In general, the use of stablecoins like USDC is to:
- Not cashing out the short cryptocurrencies so that it will be easier to buy cryptocurrencies in the future;
- Avoid traditional financial instruments and institutions;
- Send money globally in an instant, securely, and at low cost;
- Purchase items in various crypto dApps, platforms, and blockchain-based games.
Advantages of USDC
- It is essential to understand that the value USD Coin holds is constant. Thus it can be used for paying employees or giving to charity.
- Traders worldwide use this coin as a type of investment to earn USDC interest (annually). The interest comes from lending the USDC to investors, which the Centre regulates.
- It reduces the time taken to carry out numerous transactions internationally. Therefore, it reduces the charges relatively.
- Another advantage of USDC is that it is more reliable than other stablecoins because of the strong backing from its developers. Therefore, it has a growing prospect.
- Other stablecoins – such as Tether, have been shrouded in controversy on their true value and supported holdings by their parent companies. USD Coin has had next to new such controversies in comparison.
What Makes USD Coins Different Compared to Other Stablecoins?
There are four kinds of stablecoins:
- Fiat-backed stablecoins are the most popular kind of stablecoins. They derive their value from the reserved fiat they hold in bank accounts, investments, or other conventional assets. For example, TrueUSD, Tether, USD Coin.
- Crypto-backed stablecoins are those whose value is backed by reserved crypto assets. They may either be crypto-backed or crypto-collateralized. A good example is Havven.
- Algorithmic noncollateralized stablecoins rely on software-based economic models for maintaining their price stability. Kowala and Basis are examples that would fit here.

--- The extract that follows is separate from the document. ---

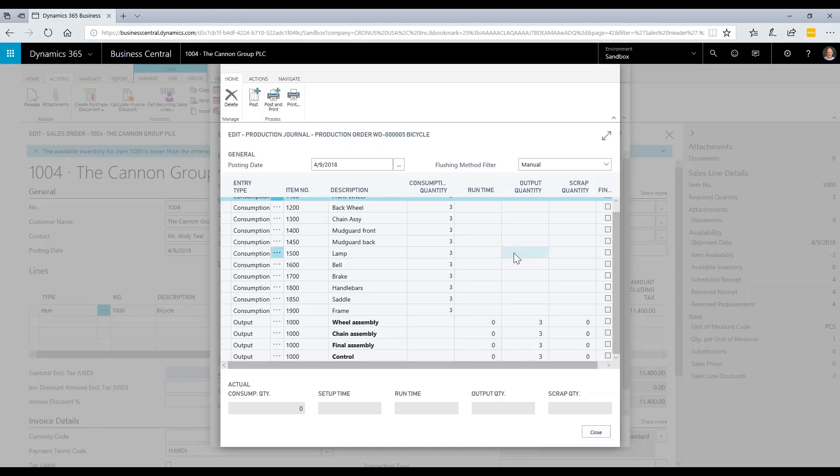Note this information can also be entered through different shop floor interfaces or different journals on the shop floor or even scanned with a barcode scanner. This shows us all on one screen from the production order, the components and the steps that are required.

- Hybrid Stablecoins leverage several of the above approaches to maintain their price stability. For example, Carbon.
USD Coin is a classic centralized, fiat-backed stablecoin in this context. It is primarily distinct in terms of its fee policies and organizational structure backing it up. There’s no value to making a USD Coin price prediction since its value is pegged to the US dollar at all times. 1 USDC = 1 USD.